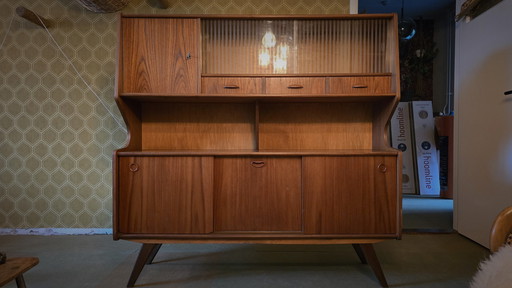 Deens Teakhouten Highboard Met Glazen Ruitjes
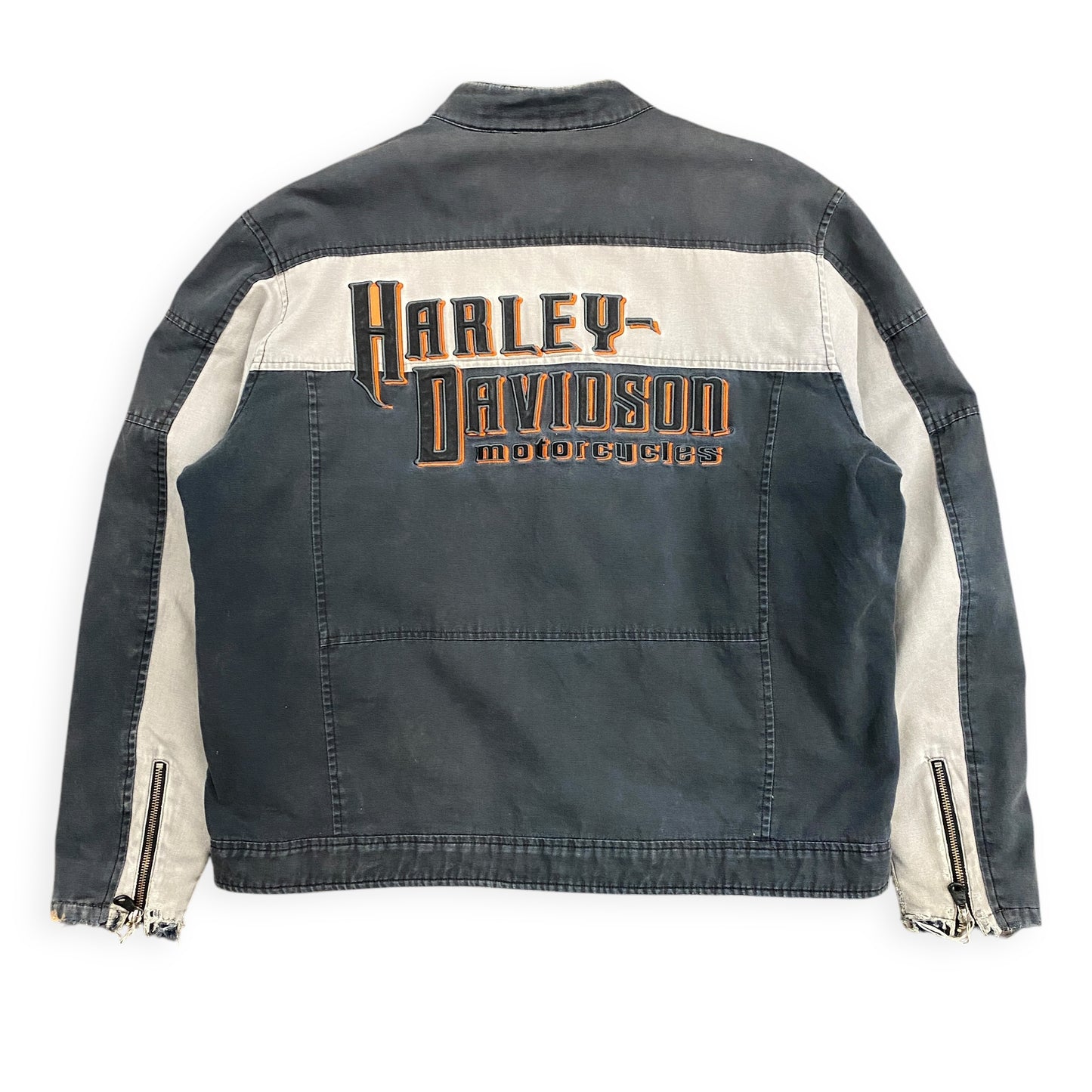 00's Harley Davidson Lined Canvas Cafe Jacket - Size Large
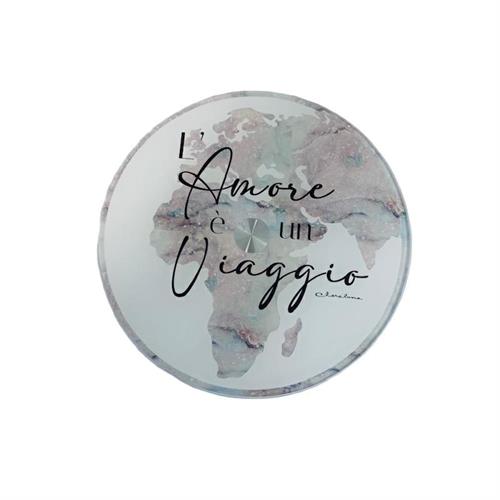 Vassoio girevole in vetro decoro mondo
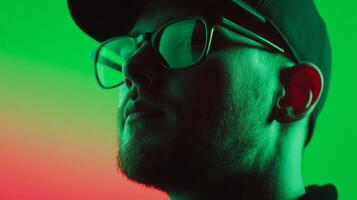 Young man with glasses in studio setting illuminated by vibrant green and red lights photo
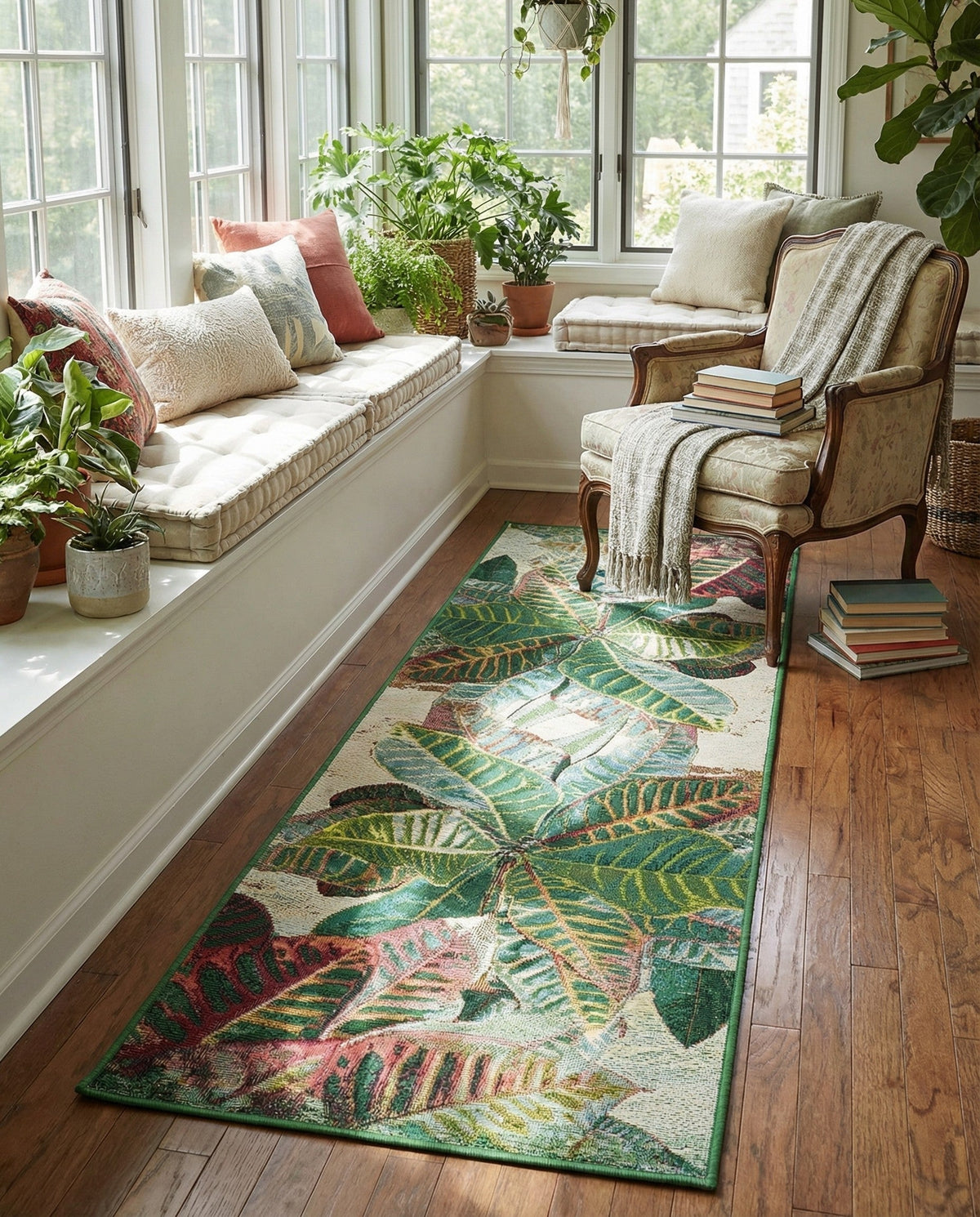 Seaside Blooms Collection Area Rug -  Fern Runner Multi  lifestyle 122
-----
• Exercise aim:
The reply must match the records exactly, apart from the pictures, which are left out.

• Exercise output:
 Deens Teakhouten Highboard Met Glazen Ruitjes
 00's Harley Davidson Lined Canvas Cafe Jacket - Size Large
 Vassoio girevole in vetro decoro mondo
 Young man with glasses in studio setting illuminated by vibrant green and red lights photo
 Seaside Blooms Collection Area Rug -  Fern Runner Multi  lifestyle 122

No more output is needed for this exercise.